In Ontario, contract teacher is like the Ultimate Holiday Destination – you want to get there, and stay there. It can take years to get to contract, so it’s a big deal here when you get 1.0 with the board. However, given my current situation, a few things come into play. Since Mady and I visited Scotland this summer, I knew, a few days wasn’t enough. From the minute we landed it seems as though the cogs in my brain were plotting a scheme to get me living over there. Why not? No dog, no house, no man, and my social circle here is pretty small. I started research weeks ago into the visa, teaching opportunities, flat prices, transportation. I feel the same way I did last year when I began researching our trip through Europe – like it was a lifeline, a buoy, only of the only things keeping me afloat all year, and giving me hope — the thought of getting away.
Is that bad?
I have 3 close girlfriends, but they don’t live near me. They all have their own stuff going on. I know they’ll be there for me, always, but in my own city, I feel pretty lonely. I’ve tried online dating, and it doesn’t work. If good things come, I will embrace them, but somehow, this idea of moving to Scotland is the only thing I feel sure of these days. Not a day goes by that I’m not thinking of it. Coming back to the contract…It’s something great, if you intend to stay in the city, stay in the board. I know now that the idea of staying a whole other year to be granted leave of absence from contract status is unthinkable, unbearable even. If you’re thinking ‘melodrama’, that’s your right, but I know how I feel. Therefore, it doesn’t make sense for me to stay in a contract if I’m thinking of leaving this summer. The other factor is salary. I will never get out of this debt, or save any money, if I continue at this level. I get supply teaching offers from the closest school to home every day it seems… full days. Because my current school starts so late, I can never seem to do afternoon supply teaching anywhere, except at my current school. The admin tries to be nice and get me work, but it’s hard. If I was supply teaching, I wouldn’t have to drive downtown every day, but instead head 10 minutes north and be working in the old school I went to as a child.
Of course, I’m deeply apprehensive. I love my students. I have a really great gig, don’t get me wrong. If I left, I would miss them, and I would worry they’d feel betrayed. I don’t know if this is silly or not. More than that, I know I’d be burning a bridge with my employers. I don’t think they’d ever hire me again. It’s a hard pill to swallow. Still, I believe it’s something I’d have to life with. If people will judge me on my personal choice, rather than my performance, perhaps that says enough for itself.

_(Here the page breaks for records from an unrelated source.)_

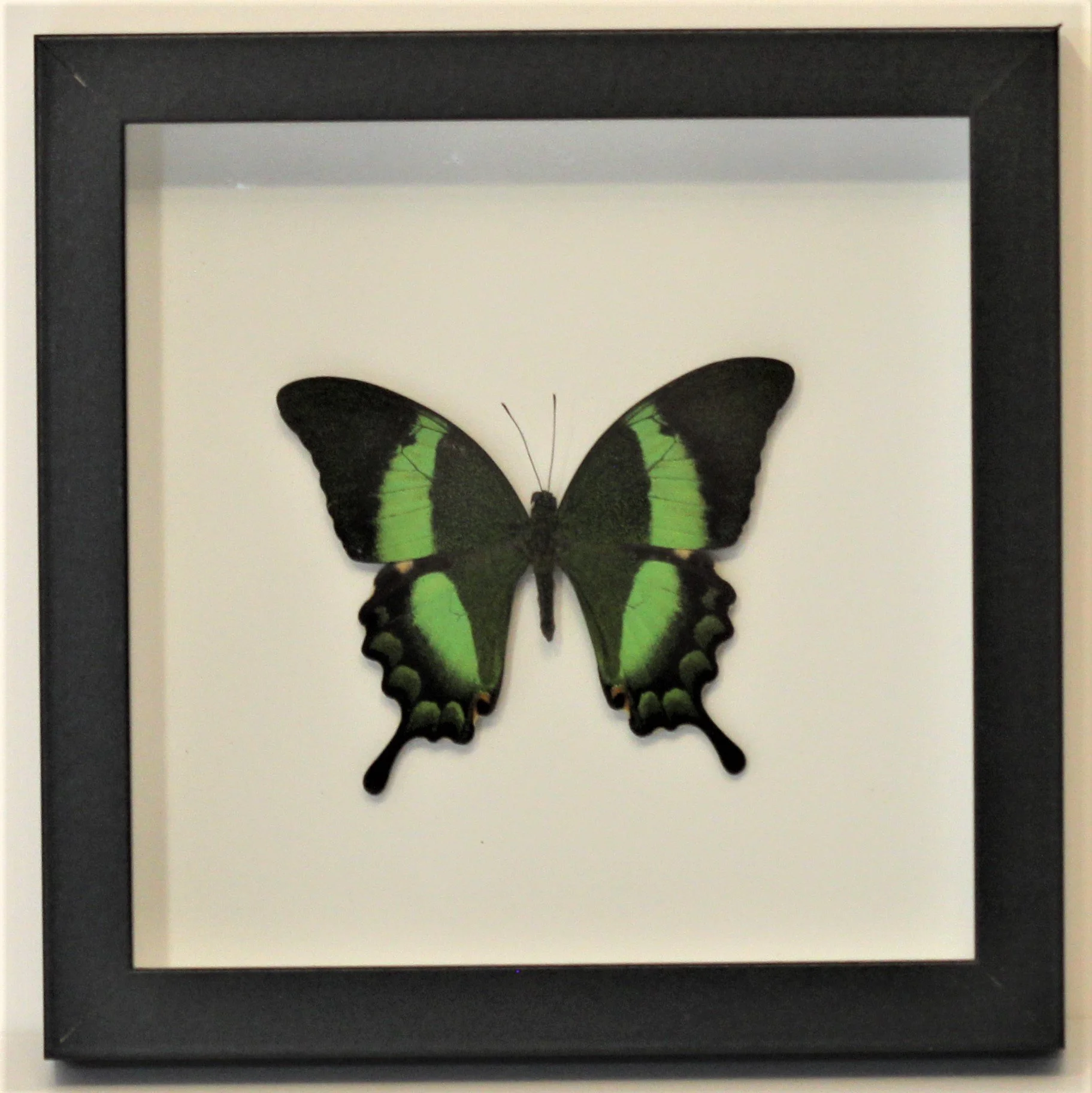 A Frame palinarus.JPG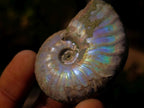 Natural Whole Cleoniceras Ammonite Fossils With Iridescent Ammolite Shells x 20 From Maintirano, Madagascar - Toprock Gemstones and Minerals 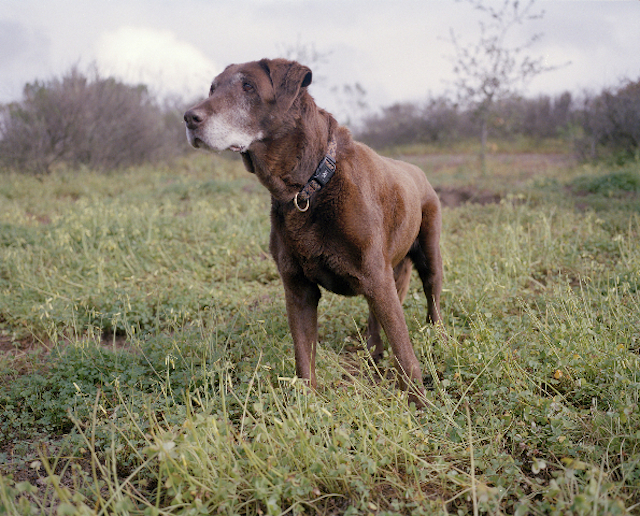 Duke-ThousandOaks-CA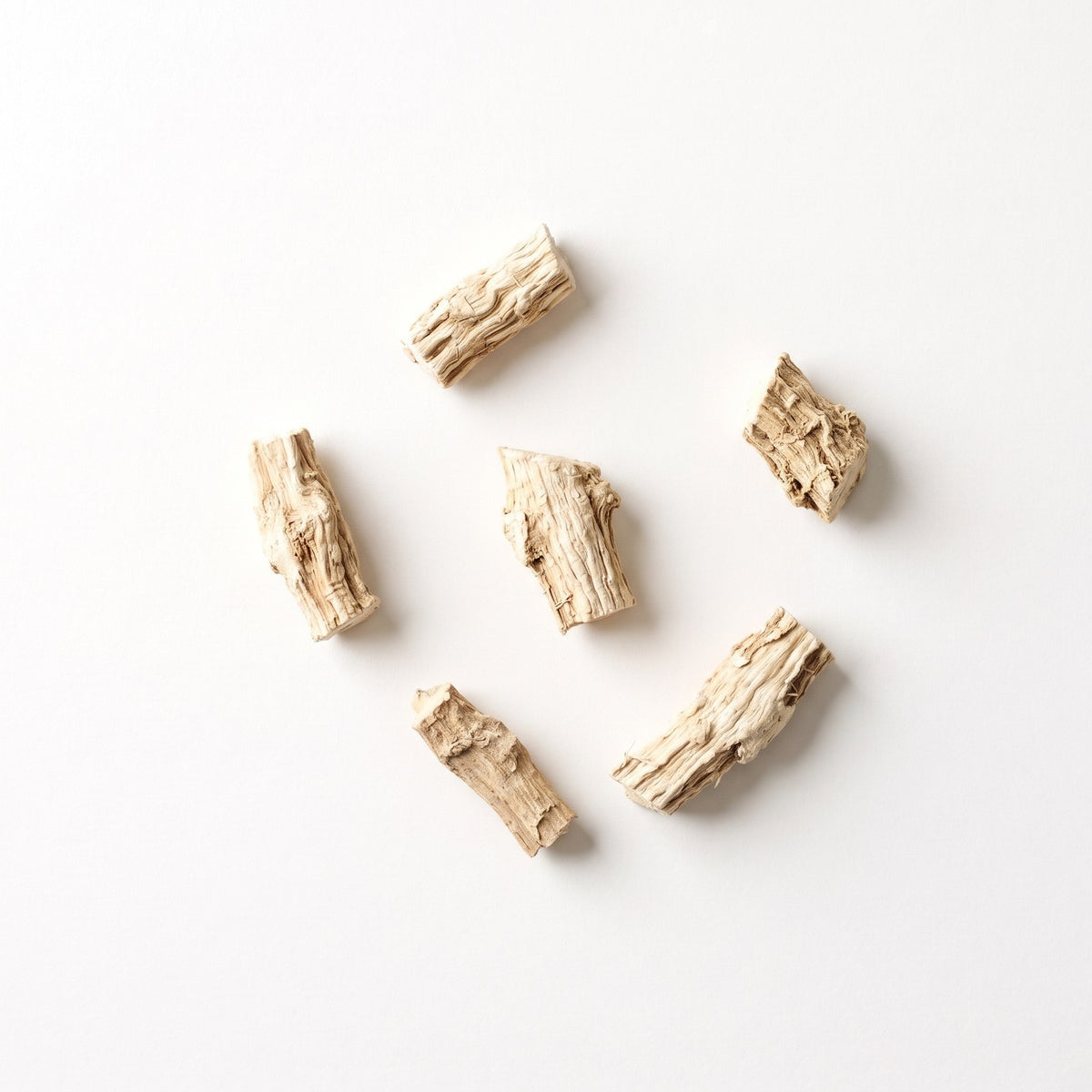 angelica, one of the nine botanicals in Fenrir gin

So, that’s my big issue right now. I haven’t posted in awhile and thought, if even for myself, it will be interesting to come back in 2 months to this post and see what I’ve decided, and how it’s affected my life. I think by vocalizing it, I’m already sure what I will do. If I keep contract, I keep benefits, and needing 2000$ for crowns in a few months will be rough, but I won’t know until I cross that path…
So, that’s my life right now. I socialize when I can, trying to learn a bit of Spanish, curling, doing an online course. Class is about to start soon. I hope I get more direction, and can start building my dream into a plan. It’s time this girl gets traveling again.